Section 8A. It shall be an act of lawful defense if a person, who is an occupant of a dwelling or in any place that they have a right to be, used deadly force, or less than deadly force, if he or she acted in the reasonable belief that an assailant was about to inflict great bodily injury or death upon themselves or upon another person who also had a right to be in the location. There shall be no duty on a person to retreat from any place that they have a right to be. An act of lawful defense as outlined in this section shall not be cause for arrest or prosecution. Further, an act of lawful defense under this section shall not be cause for the revocation of a license issued under sections, 122, 123, 129B or 131 of Chapter 140.
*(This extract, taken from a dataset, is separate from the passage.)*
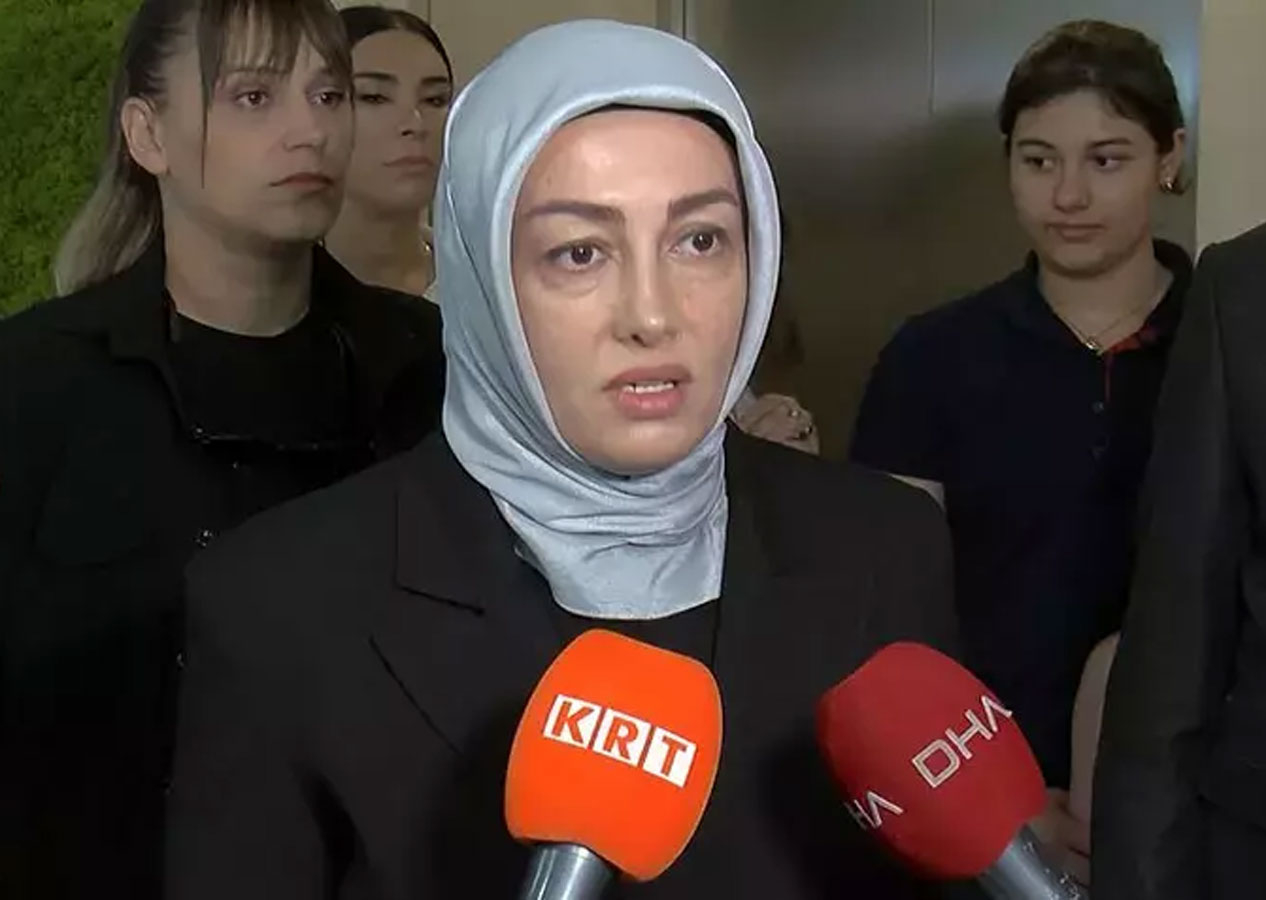 Sinan Ateş'in eşi Ayşe Ateş: "Adalet Bakanı'na istediğim an ulaşabiliyorum"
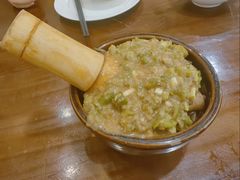擂椒茄子-攀西土菜馆(南线阁店)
Click here to listen to a WBUR radio interview with Jim Wallace, executive director of the Gun Owners’ Action League, about the bill. You know; in the wake of the Trayvon Martin shooting. You want to talk about informed, objective journalism or reasoned debate? Go somewhere else, ’cause here’s the text of the interviewer’s first question:
So Mr. Wallace it does seem that the killing of Trayvon Martin, an unarmed black boy [!] who was carrying a box of Skittles is exactly the kind of tragic outcome that this kind of law would encourage. Why is it a good idea?
Jimbo parries well. Unfortunately, he fails to make it completely clear that a self-defense shooter’s belief that their life was in danger at the time of a shooting isn’t enough under this or any other SYG law. The shooter’s belief must pass legal review.
By the same token, it’s critical to note that the “reasonable person” test for justifiable ballistic self-defense doesn’t refer to the shooter; it’s the DA and (perhaps) the jury that determines what’s reasonable in any given set of circumstances.
The WBUR interview is pretty bad, complete with ye olde Wild West analogy, “the cops are against SYG so you’re on the wrong side of the issue” and only cops are qualified to use armed self-defense shtick.
Meanwhile, the Boston Herald gives voice to a Trayvon-fuelled anti-gun activist appalled by the possibility of a Massachusetts SYG law.
“It’s an excuse to kill without accountability. We don’t need it in Massachusetts, and shame on Steve Brewer for proposing it,” said John Rosenthal, the head of Stop Handgun Violence. “Look no farther than Trayvon Martin.”
Better yet, blue state Bay Staters shouldn’t think for themselves. Or, God forbid, consider the facts of the matter. Otherwise, they might form an entirely different opinion than the one promoted by the not-entirely-unpredictable confluence of race baiters and gun grabbers who see Martin’s death as their time to shine.
As for Brewer’s SYG bill, Massachusetts governor Duvall Patrick has the final word: “It won’t get past my desk.”